Ralph is trying to convince the little kids that there is no such thing as the beast. He tells them first that there are no big beasts like that on small islands -- only in big places like Africa. Then he tells them the boy who is talking about the beast that he was just dreaming.
Jack says there is no beast too. But then he starts to talk about how they can hunt it and kill it.
By saying this, Jack does two things. First, he helps the little kids believe that there really is a beast. That will scare them and, eventually, everyone else and lead to bad things. Second, it sets him and Ralph up as opponents.

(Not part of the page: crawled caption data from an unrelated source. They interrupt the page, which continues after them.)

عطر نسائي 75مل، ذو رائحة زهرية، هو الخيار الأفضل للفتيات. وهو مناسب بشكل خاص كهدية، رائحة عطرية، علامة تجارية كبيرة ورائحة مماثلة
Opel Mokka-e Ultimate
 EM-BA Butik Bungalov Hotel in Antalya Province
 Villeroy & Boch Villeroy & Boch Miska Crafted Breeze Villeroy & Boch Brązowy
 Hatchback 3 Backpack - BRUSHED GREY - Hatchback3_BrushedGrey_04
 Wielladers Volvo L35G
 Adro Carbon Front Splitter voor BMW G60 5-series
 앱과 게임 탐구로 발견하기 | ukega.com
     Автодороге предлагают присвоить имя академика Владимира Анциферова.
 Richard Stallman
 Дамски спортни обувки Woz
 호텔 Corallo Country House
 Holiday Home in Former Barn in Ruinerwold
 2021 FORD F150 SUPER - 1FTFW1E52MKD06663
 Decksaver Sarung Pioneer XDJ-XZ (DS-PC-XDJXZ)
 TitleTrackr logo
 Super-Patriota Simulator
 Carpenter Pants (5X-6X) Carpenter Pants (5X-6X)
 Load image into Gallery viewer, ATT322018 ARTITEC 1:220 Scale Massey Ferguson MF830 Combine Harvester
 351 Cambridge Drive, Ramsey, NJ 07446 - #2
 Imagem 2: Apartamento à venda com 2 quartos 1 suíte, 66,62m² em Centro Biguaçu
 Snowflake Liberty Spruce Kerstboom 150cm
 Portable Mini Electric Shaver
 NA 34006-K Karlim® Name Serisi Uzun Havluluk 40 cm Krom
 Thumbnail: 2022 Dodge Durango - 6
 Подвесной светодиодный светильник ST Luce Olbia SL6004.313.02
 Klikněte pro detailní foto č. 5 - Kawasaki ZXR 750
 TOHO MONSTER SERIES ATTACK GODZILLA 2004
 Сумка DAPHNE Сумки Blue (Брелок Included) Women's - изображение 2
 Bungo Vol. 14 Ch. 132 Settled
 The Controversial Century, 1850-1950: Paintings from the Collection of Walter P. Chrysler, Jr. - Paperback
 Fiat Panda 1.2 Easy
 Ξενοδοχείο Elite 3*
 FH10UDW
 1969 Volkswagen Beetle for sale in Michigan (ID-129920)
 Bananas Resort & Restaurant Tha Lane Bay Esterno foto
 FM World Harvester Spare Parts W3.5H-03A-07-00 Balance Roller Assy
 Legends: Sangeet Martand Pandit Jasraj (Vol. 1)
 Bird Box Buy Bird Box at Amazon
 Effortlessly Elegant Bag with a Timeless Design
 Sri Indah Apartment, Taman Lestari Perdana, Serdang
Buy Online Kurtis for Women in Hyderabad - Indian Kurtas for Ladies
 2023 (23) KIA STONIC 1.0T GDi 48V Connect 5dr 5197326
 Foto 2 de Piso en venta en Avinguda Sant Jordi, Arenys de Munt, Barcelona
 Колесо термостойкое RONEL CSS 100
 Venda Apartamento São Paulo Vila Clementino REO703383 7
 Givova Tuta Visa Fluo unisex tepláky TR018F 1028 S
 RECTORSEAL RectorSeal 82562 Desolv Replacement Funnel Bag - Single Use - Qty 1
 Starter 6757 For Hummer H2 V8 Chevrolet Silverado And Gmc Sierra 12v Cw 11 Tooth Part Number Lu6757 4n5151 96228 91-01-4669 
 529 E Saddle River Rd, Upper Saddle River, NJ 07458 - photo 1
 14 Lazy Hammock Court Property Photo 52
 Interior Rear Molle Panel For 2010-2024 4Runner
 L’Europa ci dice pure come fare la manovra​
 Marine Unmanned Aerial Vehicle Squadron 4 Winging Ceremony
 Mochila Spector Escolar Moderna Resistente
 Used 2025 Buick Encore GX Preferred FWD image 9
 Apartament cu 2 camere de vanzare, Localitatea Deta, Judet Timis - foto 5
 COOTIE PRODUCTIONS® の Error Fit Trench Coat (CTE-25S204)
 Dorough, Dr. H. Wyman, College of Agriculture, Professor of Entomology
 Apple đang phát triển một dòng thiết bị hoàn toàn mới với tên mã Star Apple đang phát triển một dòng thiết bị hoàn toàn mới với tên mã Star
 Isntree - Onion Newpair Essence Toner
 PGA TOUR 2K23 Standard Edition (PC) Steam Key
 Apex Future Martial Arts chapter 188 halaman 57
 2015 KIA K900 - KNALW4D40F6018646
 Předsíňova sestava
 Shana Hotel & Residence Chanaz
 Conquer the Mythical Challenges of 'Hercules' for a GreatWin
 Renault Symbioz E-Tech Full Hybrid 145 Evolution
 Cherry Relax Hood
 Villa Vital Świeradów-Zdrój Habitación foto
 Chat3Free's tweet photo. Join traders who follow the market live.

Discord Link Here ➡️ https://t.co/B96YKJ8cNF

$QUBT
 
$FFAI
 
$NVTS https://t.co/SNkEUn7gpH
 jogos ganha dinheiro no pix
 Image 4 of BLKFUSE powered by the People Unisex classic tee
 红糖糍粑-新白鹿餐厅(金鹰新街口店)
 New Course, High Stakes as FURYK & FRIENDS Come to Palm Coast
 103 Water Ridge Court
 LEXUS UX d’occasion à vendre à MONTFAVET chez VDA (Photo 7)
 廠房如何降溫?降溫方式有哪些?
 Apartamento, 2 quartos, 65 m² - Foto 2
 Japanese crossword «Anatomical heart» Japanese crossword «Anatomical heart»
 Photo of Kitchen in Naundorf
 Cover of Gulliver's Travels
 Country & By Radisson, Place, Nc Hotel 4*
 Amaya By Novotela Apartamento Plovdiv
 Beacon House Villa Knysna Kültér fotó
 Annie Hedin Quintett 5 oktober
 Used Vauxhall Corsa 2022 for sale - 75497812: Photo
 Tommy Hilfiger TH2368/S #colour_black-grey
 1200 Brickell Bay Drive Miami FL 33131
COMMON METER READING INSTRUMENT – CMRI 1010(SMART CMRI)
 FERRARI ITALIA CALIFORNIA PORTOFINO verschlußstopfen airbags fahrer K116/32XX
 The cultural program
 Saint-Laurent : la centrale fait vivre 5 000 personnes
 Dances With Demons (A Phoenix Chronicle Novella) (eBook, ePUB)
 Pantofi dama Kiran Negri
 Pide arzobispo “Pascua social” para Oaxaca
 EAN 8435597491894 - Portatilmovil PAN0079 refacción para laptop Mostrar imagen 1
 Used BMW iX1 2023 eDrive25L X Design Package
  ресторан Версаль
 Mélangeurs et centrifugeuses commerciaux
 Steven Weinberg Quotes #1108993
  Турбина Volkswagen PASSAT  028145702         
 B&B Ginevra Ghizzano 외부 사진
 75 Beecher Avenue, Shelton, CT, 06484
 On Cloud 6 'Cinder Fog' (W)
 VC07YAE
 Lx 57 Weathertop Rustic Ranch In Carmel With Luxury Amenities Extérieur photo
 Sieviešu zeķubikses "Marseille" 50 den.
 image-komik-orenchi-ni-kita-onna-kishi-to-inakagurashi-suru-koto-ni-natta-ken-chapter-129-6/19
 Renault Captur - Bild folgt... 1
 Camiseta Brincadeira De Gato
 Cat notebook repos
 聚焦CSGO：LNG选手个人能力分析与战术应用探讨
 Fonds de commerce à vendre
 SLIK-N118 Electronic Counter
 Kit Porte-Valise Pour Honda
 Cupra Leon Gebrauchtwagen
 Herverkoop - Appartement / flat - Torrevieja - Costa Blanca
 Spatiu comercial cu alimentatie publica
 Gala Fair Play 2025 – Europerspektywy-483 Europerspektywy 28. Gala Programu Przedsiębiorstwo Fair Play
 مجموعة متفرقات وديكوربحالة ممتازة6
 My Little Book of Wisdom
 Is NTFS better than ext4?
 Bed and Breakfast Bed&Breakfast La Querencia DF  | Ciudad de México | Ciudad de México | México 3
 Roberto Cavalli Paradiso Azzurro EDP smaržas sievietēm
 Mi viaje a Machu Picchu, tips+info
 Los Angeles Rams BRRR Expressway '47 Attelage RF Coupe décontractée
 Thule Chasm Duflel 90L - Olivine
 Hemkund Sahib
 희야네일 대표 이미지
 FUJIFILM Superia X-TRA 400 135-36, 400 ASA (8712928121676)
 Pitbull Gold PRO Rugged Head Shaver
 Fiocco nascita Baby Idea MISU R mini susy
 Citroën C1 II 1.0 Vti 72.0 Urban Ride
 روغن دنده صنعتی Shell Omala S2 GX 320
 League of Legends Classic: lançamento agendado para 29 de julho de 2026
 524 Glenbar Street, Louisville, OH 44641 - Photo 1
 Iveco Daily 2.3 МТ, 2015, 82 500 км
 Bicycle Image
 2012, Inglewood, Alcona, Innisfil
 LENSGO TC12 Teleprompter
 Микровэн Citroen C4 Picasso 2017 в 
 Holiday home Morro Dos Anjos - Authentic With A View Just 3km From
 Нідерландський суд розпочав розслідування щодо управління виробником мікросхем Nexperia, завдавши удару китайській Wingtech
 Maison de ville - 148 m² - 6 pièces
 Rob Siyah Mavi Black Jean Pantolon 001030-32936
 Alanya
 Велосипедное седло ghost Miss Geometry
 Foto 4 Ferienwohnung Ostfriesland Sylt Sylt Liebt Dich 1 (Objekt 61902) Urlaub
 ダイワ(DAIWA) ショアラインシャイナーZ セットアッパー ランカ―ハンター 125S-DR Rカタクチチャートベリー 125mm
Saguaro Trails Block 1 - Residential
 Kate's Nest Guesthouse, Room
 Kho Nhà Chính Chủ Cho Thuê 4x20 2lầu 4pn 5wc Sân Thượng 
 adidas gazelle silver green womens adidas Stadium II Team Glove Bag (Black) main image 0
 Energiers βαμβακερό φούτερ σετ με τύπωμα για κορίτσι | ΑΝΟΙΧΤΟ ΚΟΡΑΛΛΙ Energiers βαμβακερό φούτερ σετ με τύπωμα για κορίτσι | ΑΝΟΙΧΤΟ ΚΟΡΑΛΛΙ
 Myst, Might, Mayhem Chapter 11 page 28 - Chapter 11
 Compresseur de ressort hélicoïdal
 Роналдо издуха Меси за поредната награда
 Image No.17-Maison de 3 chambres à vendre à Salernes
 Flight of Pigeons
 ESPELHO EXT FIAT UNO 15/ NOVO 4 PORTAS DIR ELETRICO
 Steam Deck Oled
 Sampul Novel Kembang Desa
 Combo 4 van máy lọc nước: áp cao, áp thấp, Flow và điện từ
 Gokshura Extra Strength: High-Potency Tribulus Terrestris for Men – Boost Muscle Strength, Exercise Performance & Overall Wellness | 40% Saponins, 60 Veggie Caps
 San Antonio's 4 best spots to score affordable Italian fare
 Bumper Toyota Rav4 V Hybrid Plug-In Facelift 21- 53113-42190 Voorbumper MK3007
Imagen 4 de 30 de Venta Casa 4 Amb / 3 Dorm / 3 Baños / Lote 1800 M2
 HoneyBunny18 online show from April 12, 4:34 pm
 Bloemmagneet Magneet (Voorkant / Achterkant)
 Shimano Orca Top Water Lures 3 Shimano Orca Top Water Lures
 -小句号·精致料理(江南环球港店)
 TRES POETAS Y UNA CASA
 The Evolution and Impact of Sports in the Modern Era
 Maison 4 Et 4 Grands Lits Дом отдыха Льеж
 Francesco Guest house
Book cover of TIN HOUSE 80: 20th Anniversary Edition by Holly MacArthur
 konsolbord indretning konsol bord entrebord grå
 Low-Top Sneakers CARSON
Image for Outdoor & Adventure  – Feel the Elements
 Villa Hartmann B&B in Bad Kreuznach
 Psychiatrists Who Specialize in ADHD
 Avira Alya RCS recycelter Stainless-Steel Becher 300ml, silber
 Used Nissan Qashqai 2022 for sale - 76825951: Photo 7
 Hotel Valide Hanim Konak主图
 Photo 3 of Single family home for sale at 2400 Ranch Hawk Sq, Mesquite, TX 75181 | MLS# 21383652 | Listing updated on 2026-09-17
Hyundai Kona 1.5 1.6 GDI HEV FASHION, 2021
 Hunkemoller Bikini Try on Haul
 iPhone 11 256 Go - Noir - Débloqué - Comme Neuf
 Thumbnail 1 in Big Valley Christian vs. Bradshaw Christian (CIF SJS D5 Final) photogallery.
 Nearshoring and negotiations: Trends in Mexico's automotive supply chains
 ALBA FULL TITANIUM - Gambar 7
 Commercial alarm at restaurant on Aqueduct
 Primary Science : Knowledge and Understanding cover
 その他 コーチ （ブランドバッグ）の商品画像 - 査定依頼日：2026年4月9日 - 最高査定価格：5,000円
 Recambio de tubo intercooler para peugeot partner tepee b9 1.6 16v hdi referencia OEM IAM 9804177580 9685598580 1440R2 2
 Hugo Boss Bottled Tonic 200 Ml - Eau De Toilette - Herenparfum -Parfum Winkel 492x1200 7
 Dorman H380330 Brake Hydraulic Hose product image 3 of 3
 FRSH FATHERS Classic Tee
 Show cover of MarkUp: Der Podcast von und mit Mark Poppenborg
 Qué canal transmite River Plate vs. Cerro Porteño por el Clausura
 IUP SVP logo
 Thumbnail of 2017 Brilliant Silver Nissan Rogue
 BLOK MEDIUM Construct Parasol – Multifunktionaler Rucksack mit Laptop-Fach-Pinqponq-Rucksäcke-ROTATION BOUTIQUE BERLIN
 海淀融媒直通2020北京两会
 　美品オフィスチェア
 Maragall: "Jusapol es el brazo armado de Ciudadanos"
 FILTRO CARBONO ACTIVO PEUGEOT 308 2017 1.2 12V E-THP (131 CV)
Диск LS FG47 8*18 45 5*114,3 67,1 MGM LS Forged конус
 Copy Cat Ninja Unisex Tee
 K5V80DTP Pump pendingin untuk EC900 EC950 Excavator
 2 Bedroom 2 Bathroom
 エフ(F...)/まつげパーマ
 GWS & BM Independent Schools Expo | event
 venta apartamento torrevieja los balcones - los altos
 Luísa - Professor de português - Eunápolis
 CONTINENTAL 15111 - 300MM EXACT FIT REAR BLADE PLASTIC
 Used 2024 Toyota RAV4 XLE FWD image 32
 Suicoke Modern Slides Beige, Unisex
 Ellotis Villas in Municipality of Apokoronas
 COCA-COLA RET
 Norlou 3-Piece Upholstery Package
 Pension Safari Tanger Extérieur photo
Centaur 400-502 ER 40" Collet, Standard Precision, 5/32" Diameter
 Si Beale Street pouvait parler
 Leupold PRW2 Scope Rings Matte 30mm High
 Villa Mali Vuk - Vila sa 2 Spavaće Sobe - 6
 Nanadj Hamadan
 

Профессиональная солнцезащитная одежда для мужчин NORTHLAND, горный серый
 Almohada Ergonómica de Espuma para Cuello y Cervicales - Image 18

That, too, will lead to bad things.
In the novel 'Lord of the Flies' by William Golding, the author has two of the main characters give different opinions onn the idea of the presence of a beast or 'beastie' as the littleuns call it. At first this creature has no real shape or form whatsoever-it doesn't even look like the parachutist, and even disappears back into creepers during the day. As many of the boys realise, it is similar to the figment of a nightmare. However, the more the smaller boys talk about it, the more real it seems to get, later adding pig-like or voodoo overtones. The two older boys recognise this - Ralph has less luck becuase he tries to tell them it doesn't exist which adds more disquiet. They seem to prefer Jack's idea! (If there was, 'we'd kill it', stone dead.